Non-ECC memory will corrupt data regardless of the type of file system. It is just more dangerous with ZFS.

depasseg · Jan 19, 2015

Oh sure, confuse the situation with technical details.

jgreco · Jan 19, 2015

depasseg said:
Oh sure, confuse the situation with technical details.

Go suffer a double bit ECC error.

depasseg · Jan 19, 2015

I guess that was my point. The filesystem can only help to a certain degree. But without being able to trust the RAM, it's a moo point ("you know, like what a cow thinks" Joey - Friends).

jgreco · Jan 19, 2015

depasseg said:
The filesystem can only help to a certain degree.

But the filesystem can also hurt you; with ZFS, the self-healing system is designed for a trusted computing platform (which implies ECC), and can actively do damage on a non-ECC system if the memory is flaky. That extends to mere reads of the pool corrupting the pool.

With UFS, the data might be corrupted while transiting the host system (either for write or read) but a read of intact data does not result in the intact data being destroyed.

depasseg said:
The filesystem doesn't matter.

That's why I take issue with this statement; non-ECC is unsafe for your data in all cases, but it is MORE dangerous with ZFS, so therefore the filesystem does matter at least somewhat.

depasseg · Jan 19, 2015

Understood and agree that ZFS makes the choice of non-ECC even more dangerous. I don't think people understand what ECC is or what it does. So to simplify, I tried to unlink the security that ZFS (or any filesystem) provides from the safety that ECC RAM provides. I agree that ZFS is much more sensitive to RAM errors. But I don't think the majority of users with the "Can I use RAIDZ2 to the offset the risk with using non-ECC RAM?" are going to get it. Hence my summary of "Non-ECC means not safe."

cyberjock · Jan 19, 2015

depasseg said:
Understood and agree that ZFS makes the choice of non-ECC even more dangerous. I don't think people understand what ECC is or what it does. So to simplify, I tried to unlink the security that ZFS (or any filesystem) provides from the safety that ECC RAM provides. I agree that ZFS is much more sensitive to RAM errors. But I don't think the majority of users with the "Can I use RAIDZ2 to the offset the risk with using non-ECC RAM?" are going to get it. Hence my summary of "Non-ECC means not safe." :)

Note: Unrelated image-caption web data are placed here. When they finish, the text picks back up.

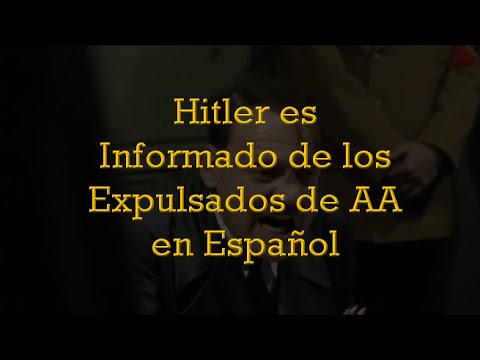 Quien veía el delirium tremens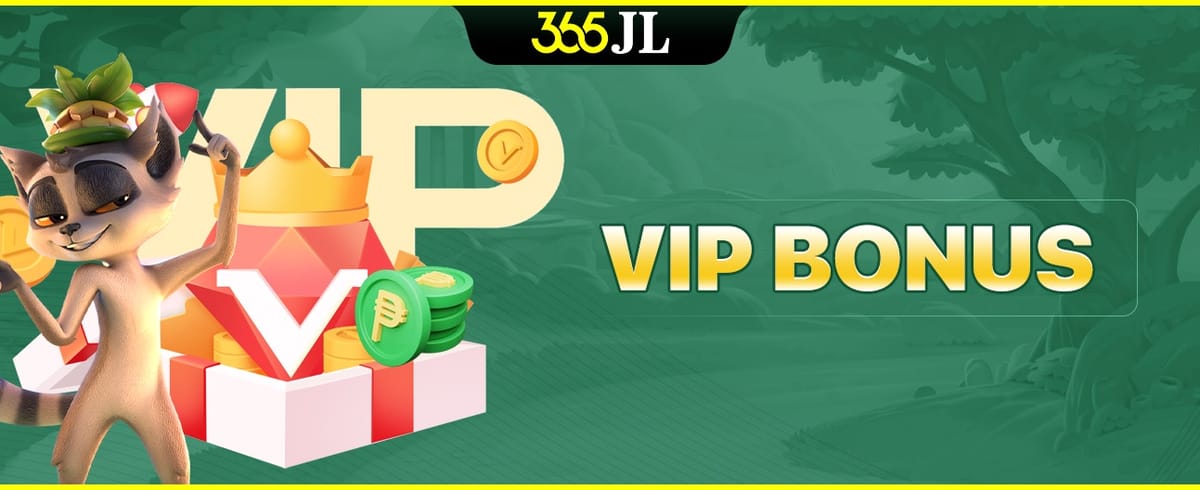 Daily 5% VIP Cashback Rebate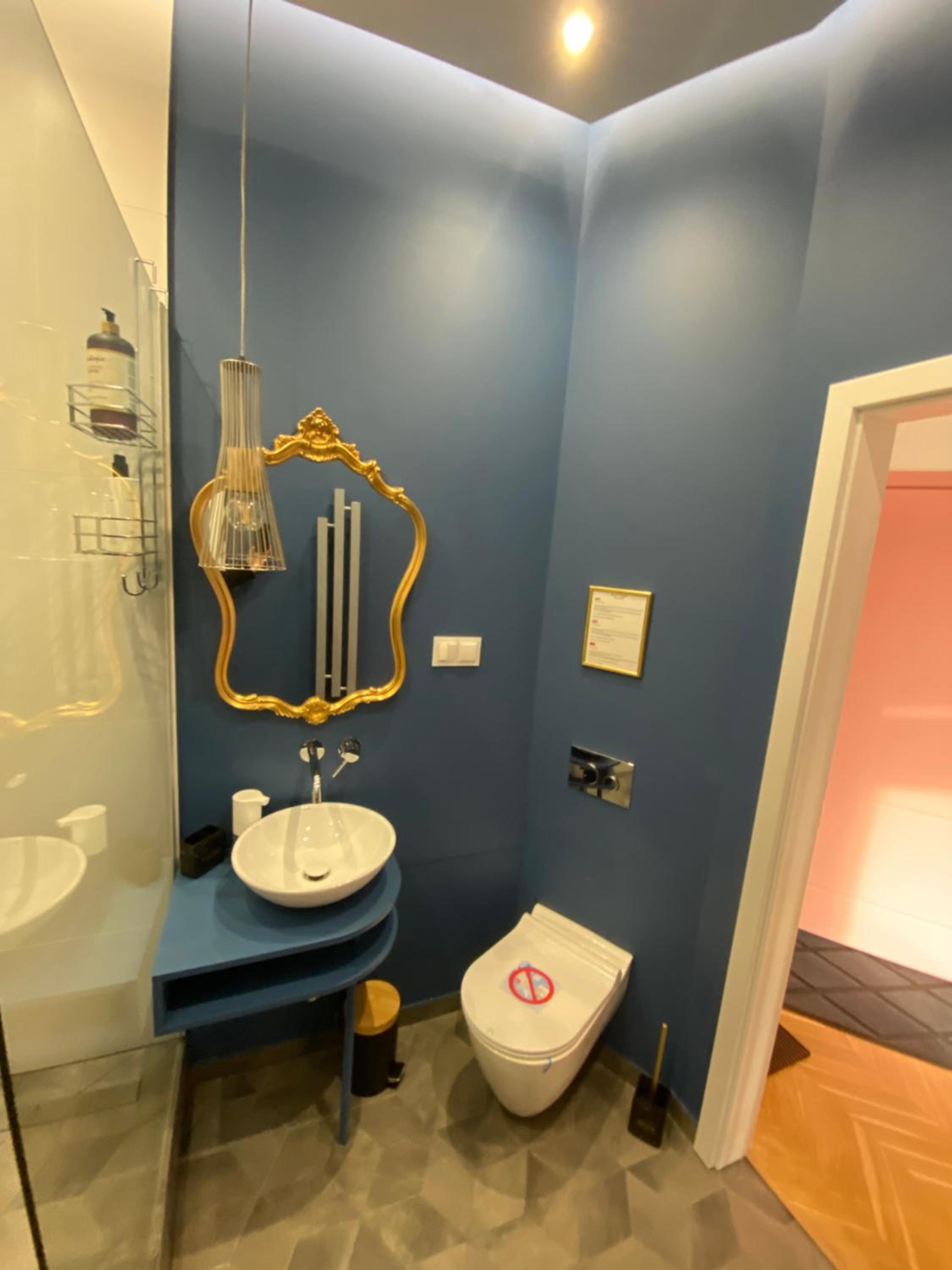 Apartamenty Royal Point Bed & Bath view 3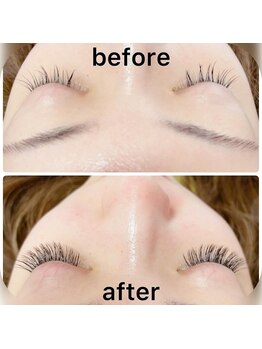 マシェリ(ma cherie)/バインドロック400本リペア　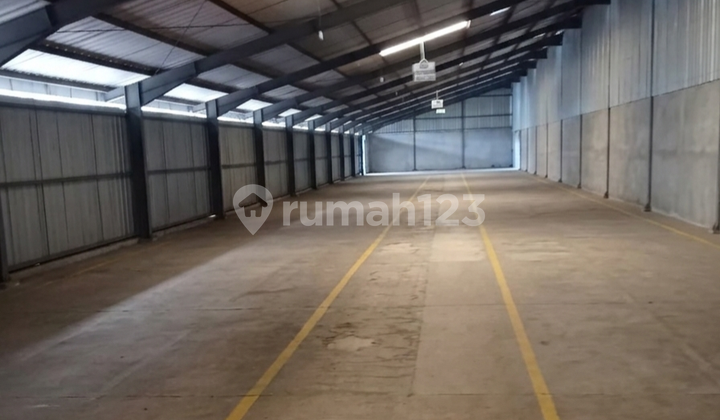 Fast Sale Warehouse Karawaci Tangerang Fast Sale Warehouse Karawaci Tangerang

And that's kind of how I do it. For that question they're making an (inappropriate) link to more parity being the solution to the potential of bad RAM. There is no link between the two at all with regards to protecting your data. RAIDZ2 doesn't offset the risk of bad non-ECC RAM, just like the risk of ECC RAM doesn't mean you can use RAIDZ1. ;)

Louwrentius · Jan 20, 2015

Hello!

I'm not sure if you've seen this but people assert with some explanation that it is not true that a scrub combined with rotten memory will kill your on-disk data.

https://clusterhq.com/blog/file-systems-data-loss-zfs/
http://www.reddit.com/r/DataHoarder/comments/2suurf/how_true_is_this_statement_if_you_experience_a/

The statement is like this:

If a checksum fails due to a rotten bit being inside either the checksum or the data itself, ZFS assumes that something is wrong with the data.
In that case, if parity or mirroring is used, ZFS will use the parity or the mirror. I understand that if the data is from a mirror, it's just exactly the
same data with the same checksum. Either that data will also be corrupt, due to another rotten bit in memmory, which will just result in a lost file.

How, with parity, I can understand that you can use the parity to reconstruct the data, but how does one validate that data with a RAIDZ1 or higher?
Assuming that we read a chunk of data of one drive and that it is seen as rotten due to a bitflip, by reading all the other blocks and do the parity calculation, it can be reconstructed. If the data itself was at fault, all seems well. If the checksum was at fault, the result of the parity calculation will not match the checksum and you lose the file.

At this point, data is still valid on disk, ZFS just can't serve the data. Replace the memory and all is well.

I'm really trying to find a reasonable scenario where a scrub will actually murder the data-at-rest on your system. I want to understand why.

If the bad ram only affects data or checksums, I would expect nothing permament should happen to your data-at-rest, even with a scrub.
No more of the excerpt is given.